* **GOAL OF THE EXERCISE**
The data below should be restated word for word, pictures omitted.

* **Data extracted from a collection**
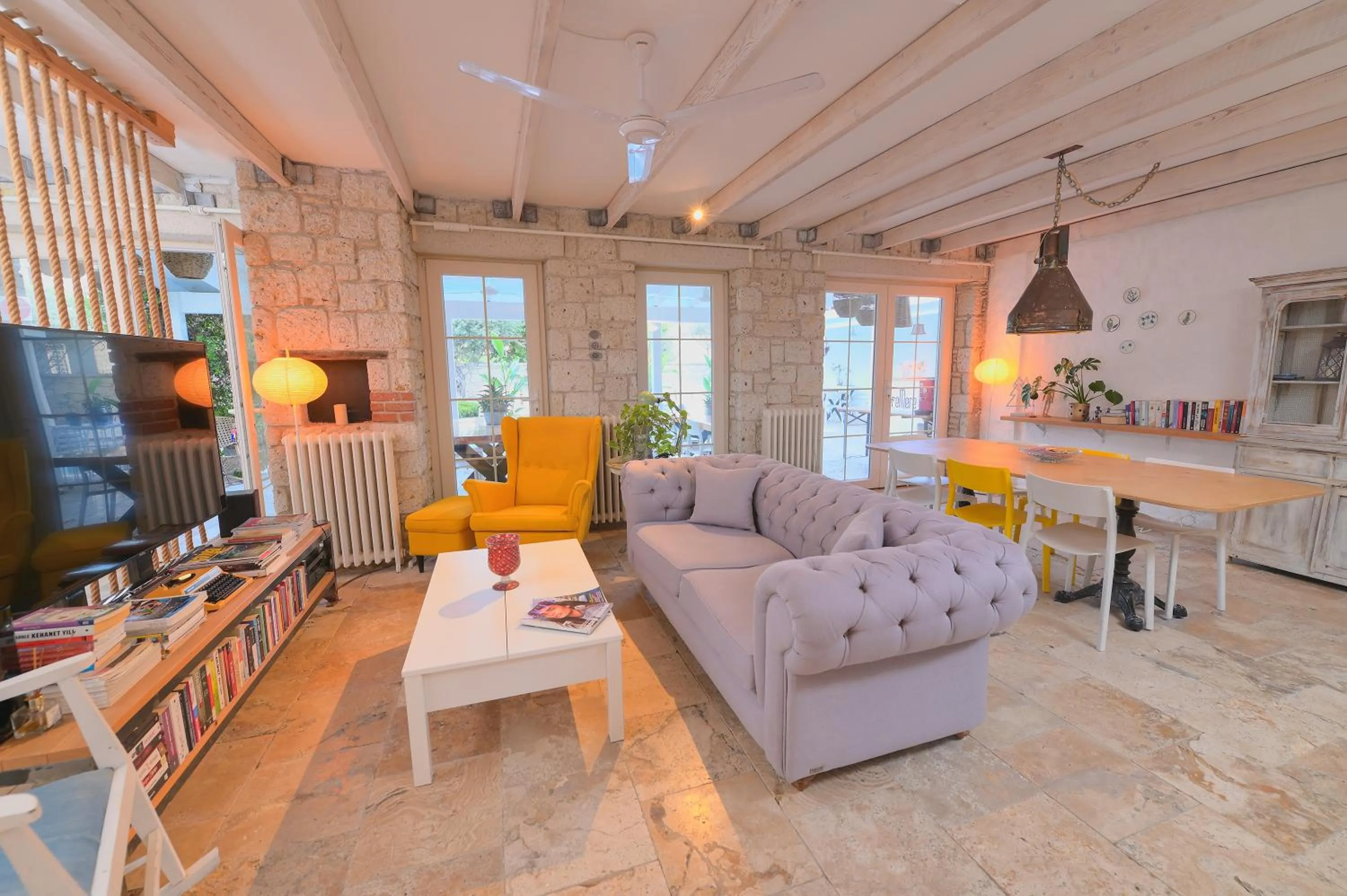 Lobby or reception in Peremere Alacati Otel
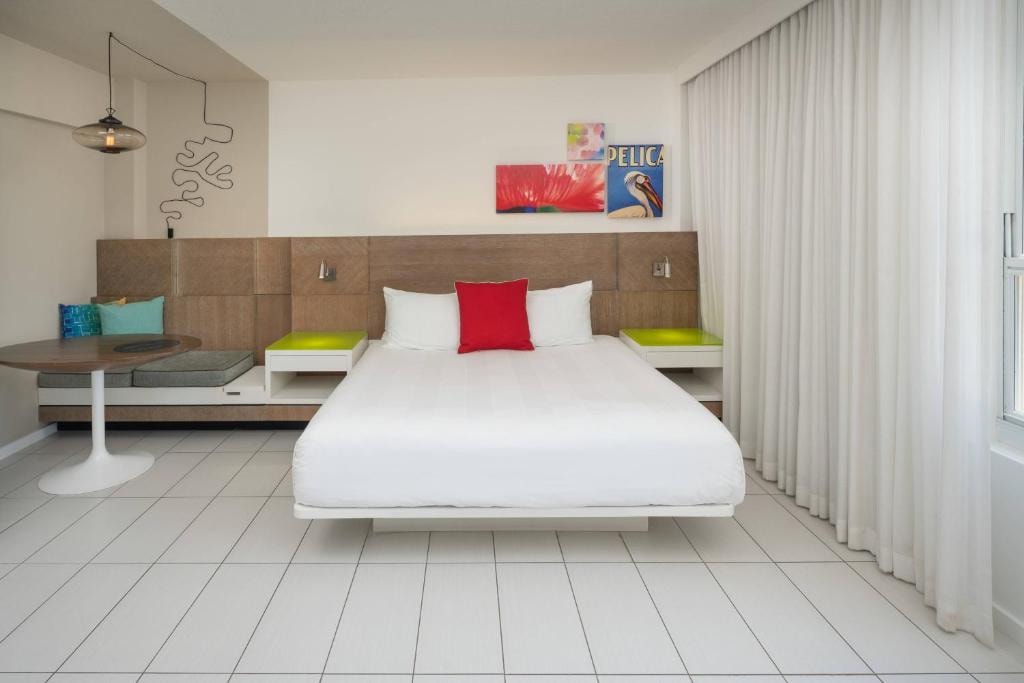 King Studio Suite Near Avis Car Rental MIA Luxury Bookings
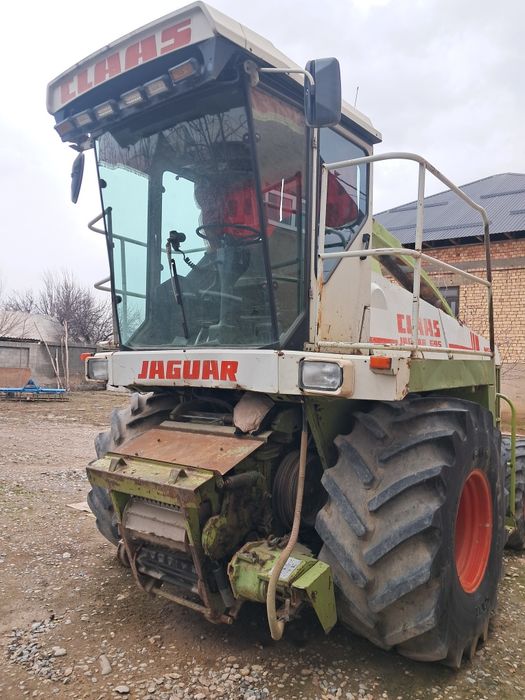 Комбайн клас ягуар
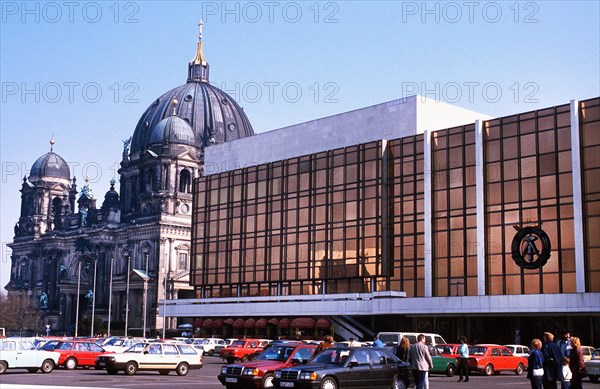 Shortly after the fall of the Berlin Wall Palast der Republik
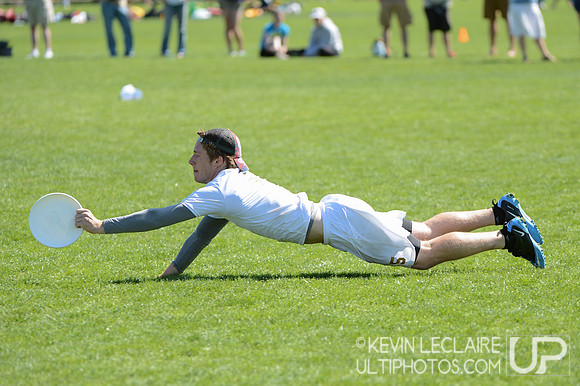 2012 USAU D-I College Championships Sunday Action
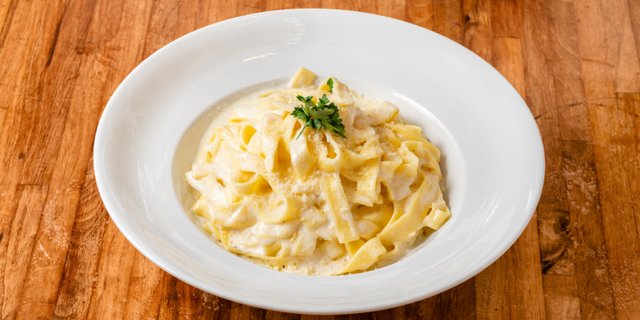 Fettuccine Alfredo Tray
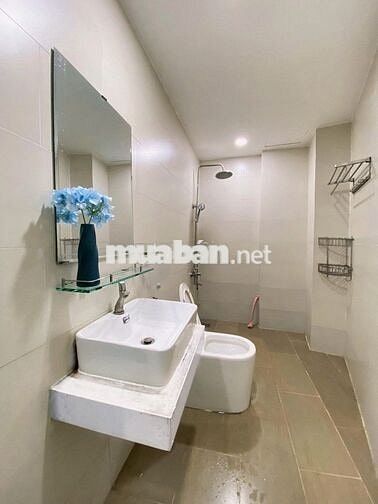 ✨ Căn hộ 2PN rộng thoáng 80m² – sát Q1, hỗ trợ 1tr tháng đầu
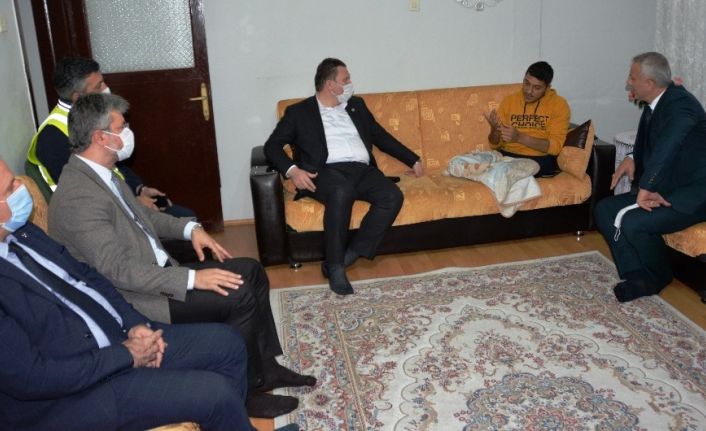 MHP Grup Başkan Vekili Bülbül ve Başkan Babaoğlu, patlamadan yaralı kurtulan sürücüyü ziyaret etti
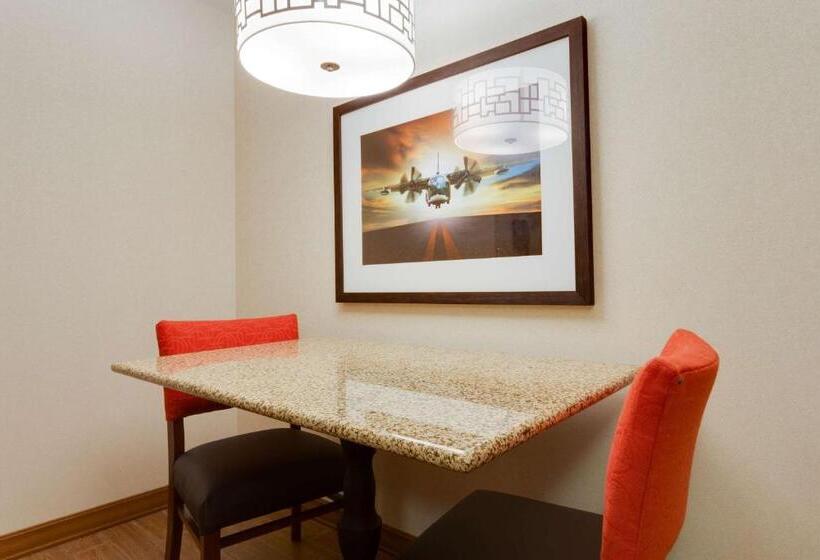 Люкс, Drury Inn & Suites St. Louis/o Fallon, Il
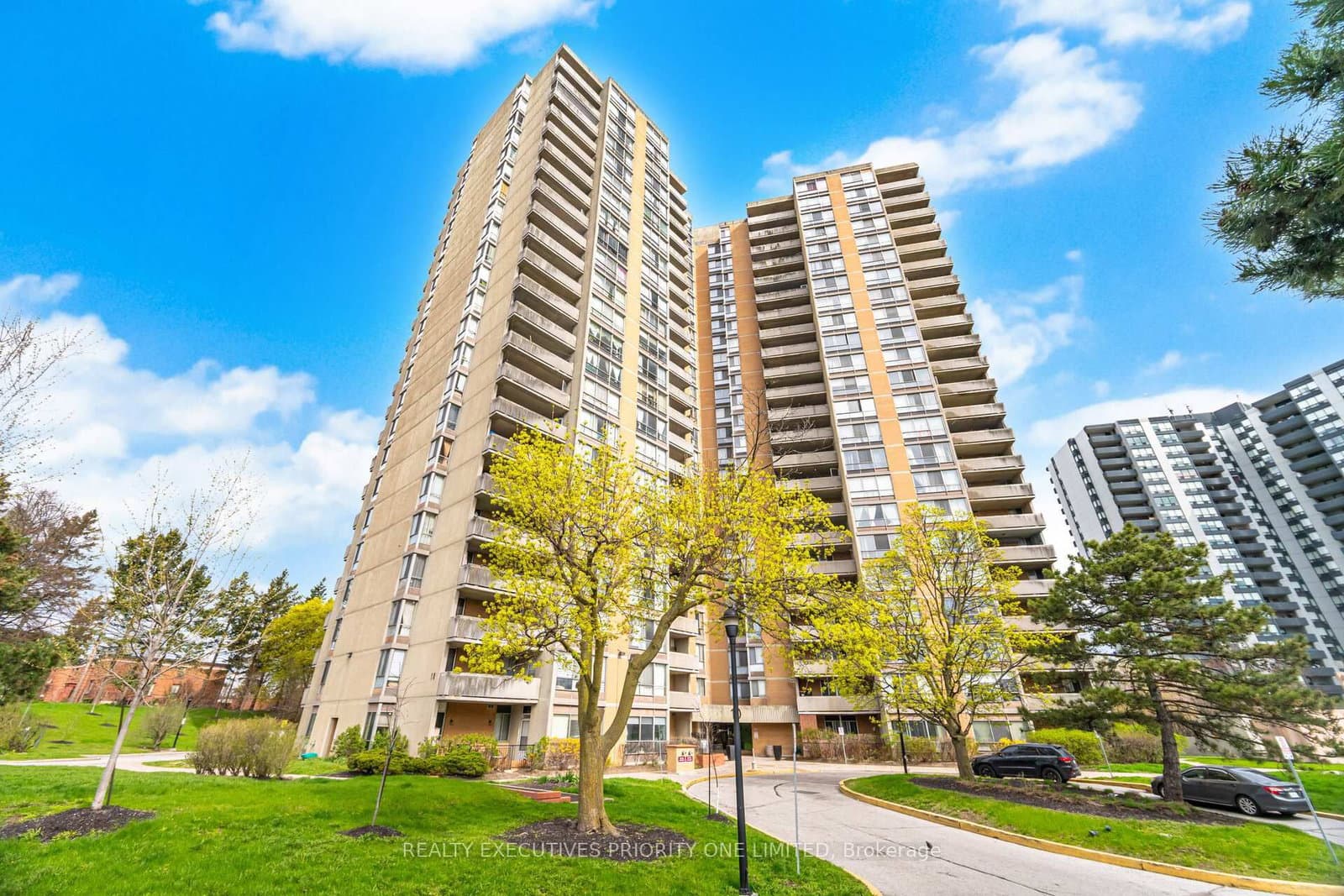 10 Martha Eaton Way, Unit 1013 - Image 2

* **RESULT FOR THIS TASK**
 Lobby or reception in Peremere Alacati Otel
 King Studio Suite Near Avis Car Rental MIA Luxury Bookings
 Комбайн клас ягуар
 Shortly after the fall of the Berlin Wall Palast der Republik
 2012 USAU D-I College Championships Sunday Action
 Fettuccine Alfredo Tray
 ✨ Căn hộ 2PN rộng thoáng 80m² – sát Q1, hỗ trợ 1tr tháng đầu
 MHP Grup Başkan Vekili Bülbül ve Başkan Babaoğlu, patlamadan yaralı kurtulan sürücüyü ziyaret etti
 Люкс, Drury Inn & Suites St. Louis/o Fallon, Il
 10 Martha Eaton Way, Unit 1013 - Image 2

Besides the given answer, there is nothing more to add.